World Cup’s Inconvenient Scheduling
Slate’s Daniel Gross points to yet another reason why soccer will never catch on as a major spectator sport in America: The scheduling of World Cup games.
Unlike the Olympics, the World Cup is not scheduled or televised according to U.S. preferences—the last time the quadrennial tournament was staged in the Western hemisphere was 1994. To watch the United States’ opening game in the 2002 World Cup, I had to go to the Irish pub across from my New York apartment at 4 a.m. This year the schedule is only slightly better: this Saturday against England at 2:30 p.m.
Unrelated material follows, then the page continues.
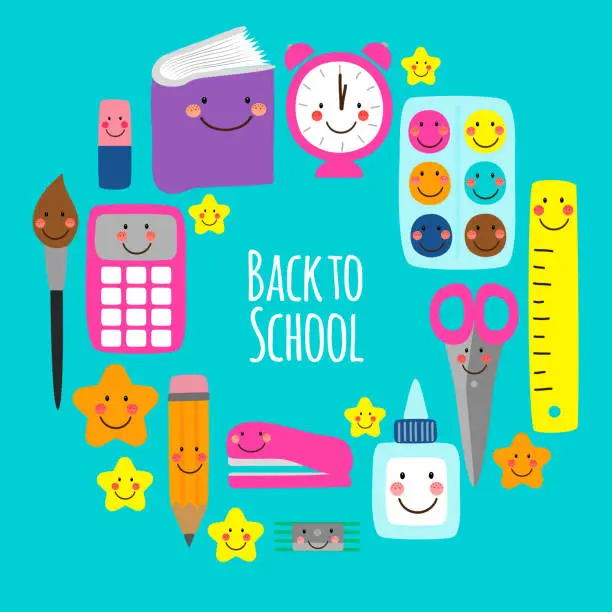 Vector illustration of Cute bright eye-catching Back to school banner design with colorful funny cartoon characters, education theme background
ET, Friday, June 18, against Slovenia at 10 a.m. ET, then Wednesday, June 23, at 10 a.m. ET, against Algeria. Yes, pubs and sports bars will be showing the games. But how many people will leave work, or take the day off, or skip the Little League game or pool party, to sit indoors and watch a soccer match? My guess is that when the U.S. plays England, the bars in New York and Los Angeles will be like Condé Nast in the 1990s—overrun with Brits.
That’s a legitimate problem. The World Cup is a tremendous platform — easily the world’s foremost sporting event — but it’s the proverbial tree falling in a forest from a U.S. perspective. If Team USA goes deep enough, people will likely find a way to watch. But that’s not the same thing as watching every game as the event unfolds.
via Andrew Sullivan
The same thing happens, of course, when the Olympics are scheduled in someplace like Sydney or Beijing.
The difference, of course, is that the Americans audience for gymnastics is probably larger than the audience for soccer.
Americans are only interested in a sport when they win or are a serious contender. When they’re not, they pretend not to be interested. We’re the biggest bunch of bandwagon wannabes in the world.
On the plus side, unlike NBC’s coverage of the Olympics, interested people *can* view the matches, as they are being played, in a number of different ways. And I don’t think anybody is trying to pressure media outlets not to report on results until the matches have been shown in “prime time.”